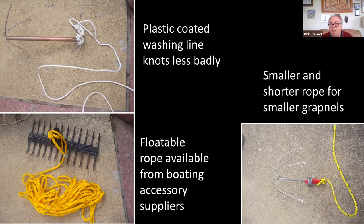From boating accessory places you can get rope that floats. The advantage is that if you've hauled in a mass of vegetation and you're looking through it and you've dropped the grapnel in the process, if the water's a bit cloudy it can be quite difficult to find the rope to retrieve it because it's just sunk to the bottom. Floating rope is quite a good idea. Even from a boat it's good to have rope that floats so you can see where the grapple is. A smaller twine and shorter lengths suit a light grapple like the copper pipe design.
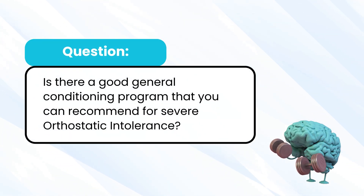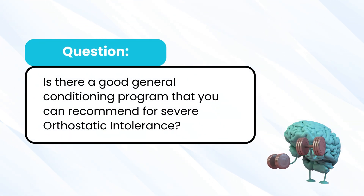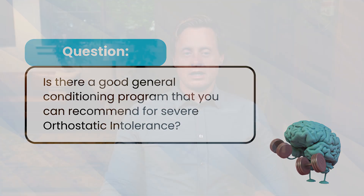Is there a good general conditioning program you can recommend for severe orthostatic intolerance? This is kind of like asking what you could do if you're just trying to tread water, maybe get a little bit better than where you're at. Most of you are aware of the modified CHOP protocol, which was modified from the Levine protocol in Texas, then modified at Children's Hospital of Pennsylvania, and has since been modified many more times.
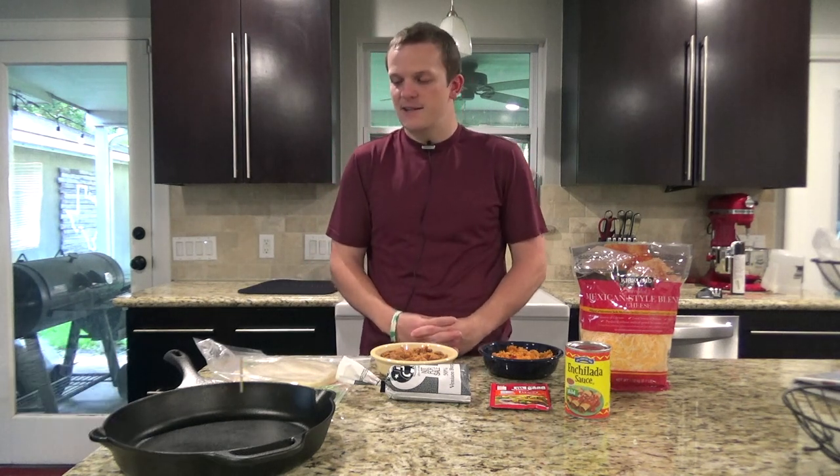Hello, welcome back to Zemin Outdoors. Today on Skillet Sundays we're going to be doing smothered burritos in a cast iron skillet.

**********

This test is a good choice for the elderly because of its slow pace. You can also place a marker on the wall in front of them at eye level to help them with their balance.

**********

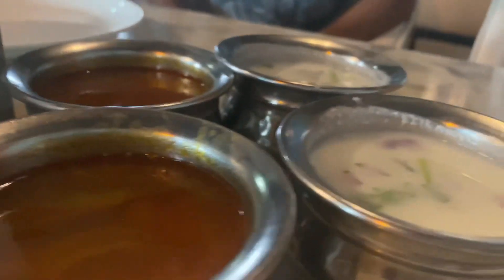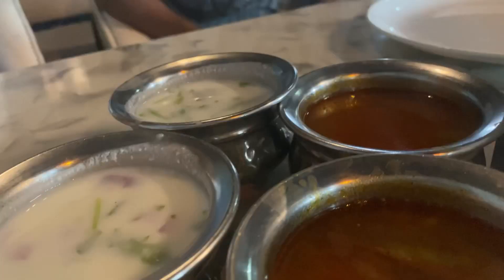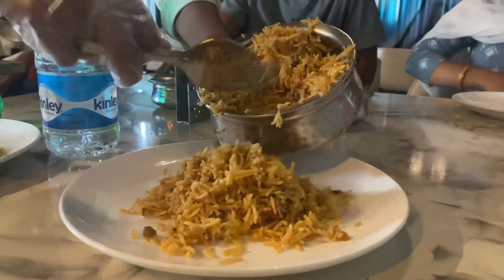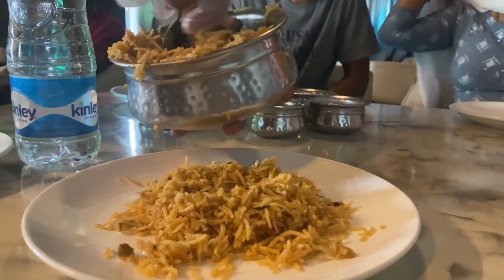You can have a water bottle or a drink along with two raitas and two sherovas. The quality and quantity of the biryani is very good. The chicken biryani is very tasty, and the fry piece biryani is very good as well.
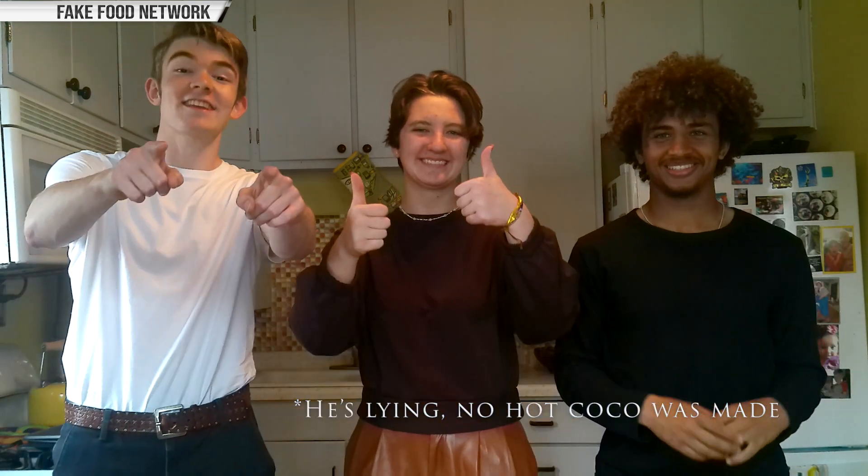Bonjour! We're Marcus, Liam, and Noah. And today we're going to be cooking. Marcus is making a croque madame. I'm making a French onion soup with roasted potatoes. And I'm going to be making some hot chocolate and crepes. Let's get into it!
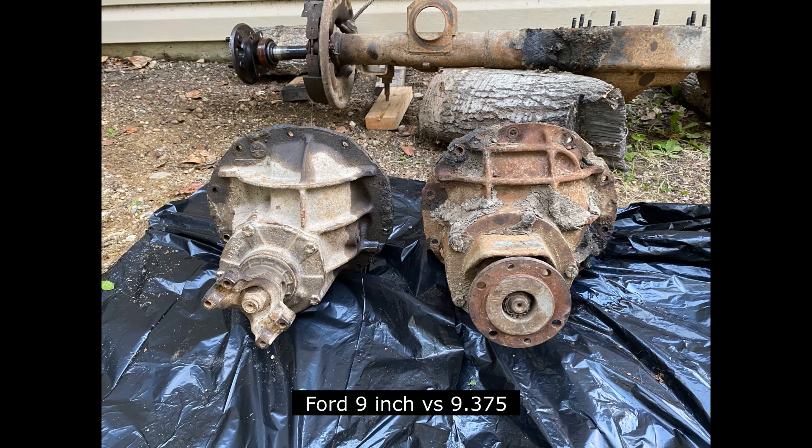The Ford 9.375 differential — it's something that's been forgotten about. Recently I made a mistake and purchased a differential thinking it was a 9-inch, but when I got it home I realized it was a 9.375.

**********

**Task objective:** Please copy out from the data above, without any picture, exactly the lines running from the one that holds "You can have" through the one that holds "The Ford 9.375", and nothing beyond them.

**Your response:**
You can have a water bottle or a drink along with two raitas and two sherovas. The quality and quantity of the biryani is very good. The chicken biryani is very tasty, and the fry piece biryani is very good as well.
Bonjour! We're Marcus, Liam, and Noah. And today we're going to be cooking. Marcus is making a croque madame. I'm making a French onion soup with roasted potatoes. And I'm going to be making some hot chocolate and crepes. Let's get into it!
The Ford 9.375 differential — it's something that's been forgotten about. Recently I made a mistake and purchased a differential thinking it was a 9-inch, but when I got it home I realized it was a 9.375.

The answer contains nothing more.